# Non EU marring Non EU in Non EU country and moving Essen Germany



## stranger_xr

Hi All,

Do not know from where I should, let me start from scratch.

I am Pakistani working in UK under Tier1 General, My gf is Turkish and on student visa when I met her first time last year on a trip to Essen Germany. As we met each other’s families, things really workout well.

Now we are planning a wedding in Pakistan in Easter holidays because we both are free in that time and most of our family can join us easily too.

Question where we will settle is puzzling us, we understand either she have to join me or other way around. But after consultation with our family members we are considering Germany is to be better option for us. 

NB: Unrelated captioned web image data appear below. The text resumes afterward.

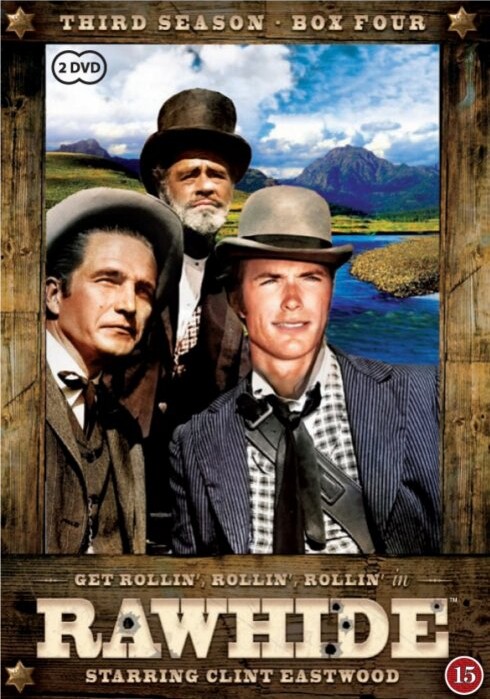 Rawhide - Sæson 3 - Boks 4 - DVD - Tv-serie
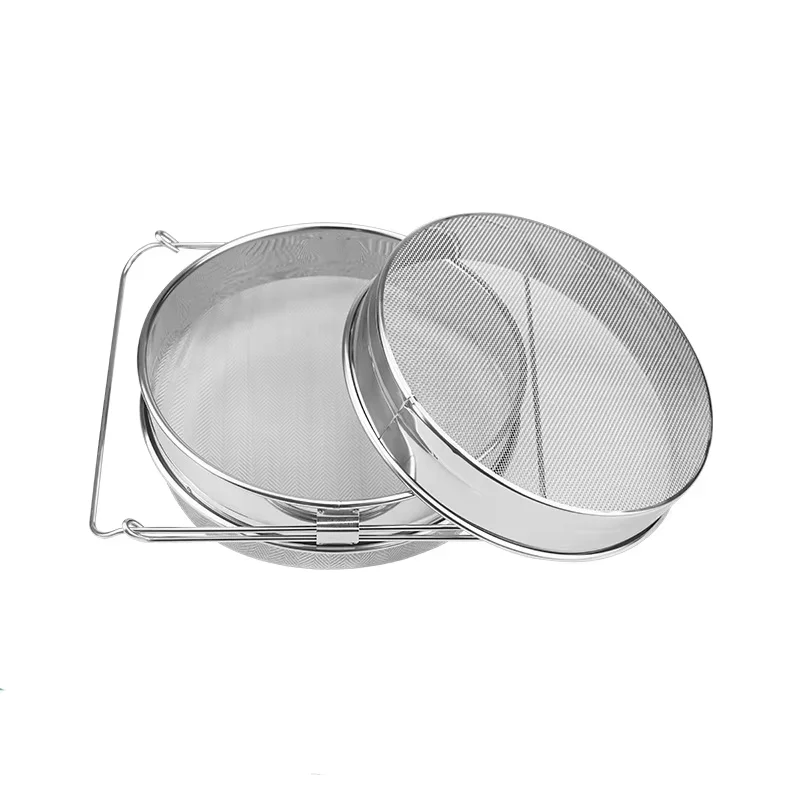 Stainless Steel Beekeeping Double Layers Sieve with Holders Honey Filter Settling Tank Colanders Strainers For Kitchen Tools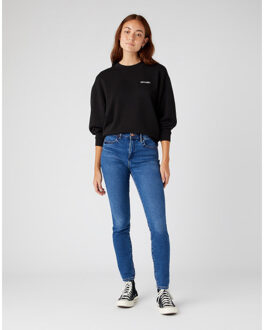 Wrangler High rise skinny camellia - maat 42-32 Blauw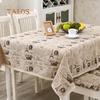 European Style Crown Tower Print Table Cloth Tablecloth Washable Desk Cover Decoration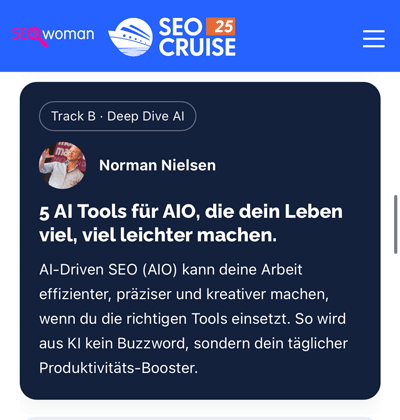 SEOcruise Programm: Norman Nielsen SEOcruise Programm: Norman Nielsen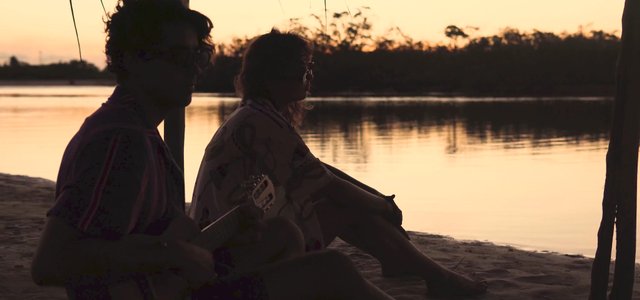 Man singing to his girlfriend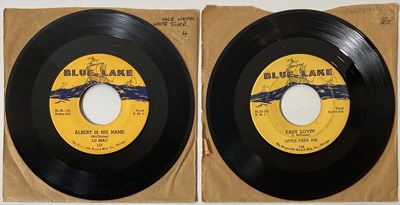 Lot 47 - BLUE LAKE RECORDS - ORIGINAL US R&B 7" RARITIES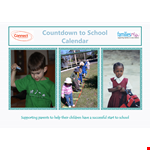 School Countdown Calendar Template | Plan and Track Important School Events example document template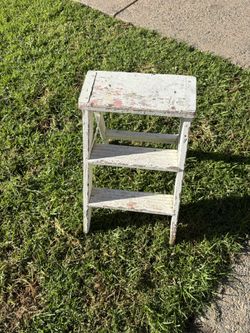 Ladder Small White Shabby Chic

In this case I have various questions such as:

1-Can I apply spouce visa from German Embassy London?
2-How long usually it takes and what are major requirements in terms for her to support me.
3-She will be on her job for only 3 months when we will marry, can this effect our situation somehow?
4-Can we avoid lengthy spouse visa process or make this process little quicker such as: a lawyer told us I can enter Germany on SchengenTourist Category C visa and we can register our wedding in registery office in Germany by showing our Pakistani marriage certificate. Is it really possible? 
5-If above is possible then someone please share something about it, which heard or experience something similar.

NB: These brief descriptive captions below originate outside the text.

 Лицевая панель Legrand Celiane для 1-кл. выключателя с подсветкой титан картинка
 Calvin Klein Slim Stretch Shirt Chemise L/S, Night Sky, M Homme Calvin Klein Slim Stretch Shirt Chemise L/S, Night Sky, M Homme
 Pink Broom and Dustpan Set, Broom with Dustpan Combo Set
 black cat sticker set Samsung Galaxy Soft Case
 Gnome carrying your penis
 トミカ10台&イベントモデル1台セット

Please recommend us doss and not to do's. I am reading expat forum I know lot experienced and knowledgeable people here who always glad to share their knowledge and experiences.

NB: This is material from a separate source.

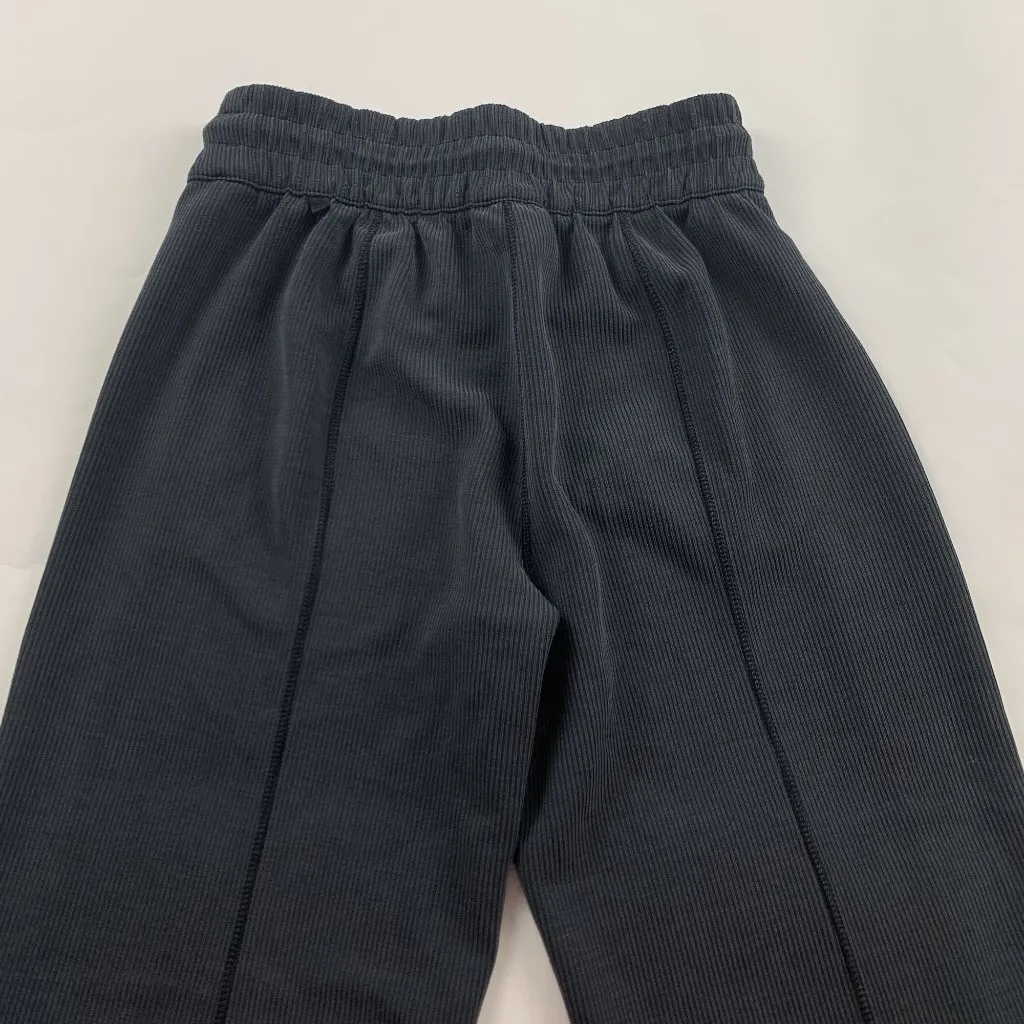 Lululemon Charcoal Ribbed Softstream Wide Leg Cropped Pant 4 - Image 8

Please please someone guide us in right direction.

Looking forward for some helpful replies.

Best Regards,
Ali.


----------



## Bevdeforges

I'm not an expert on German immigration, but I did notice that you said your fiancée is currently on a student visa in Germany, but will be working when you get married. If she is going to have to change her visa status, you want to make sure that you ask about the spousal visa for someone on that visa status. (I.e. if she will have a working visa or other type of non-student visa.)

If her employer will be involved in her visa status change, they may be able to help secure your visa at the same time. (Never hurts to ask.)

You should probably check first with the German Embassy or Consulate in London to see what information they can give you. Chances are you won't be able to begin the application for a spouse visa until after your wedding in the spring - but the process should be fairly quick.
Cheers,
Bev


----------



## stranger_xr

Bevdeforges said:


> If her employer will be involved in her visa status change, they may be able to help secure your visa at the same time. (Never hurts to ask.)
> 
> Cheers,
> Bev


Thanks for reply Bev,

I have checkedwith my gf, she will be civil servant and they have already sorted her work visa. But she have to finish her studies first.

Also we checked with an immigration lawyer in Germany last month and she said I can change my shengen tourist visa within germany after wedidng. But I didnt find such information from anywhere else not even from embassy in london.

Anyone faced similar situation please share.

Cheers,
Ali.


----------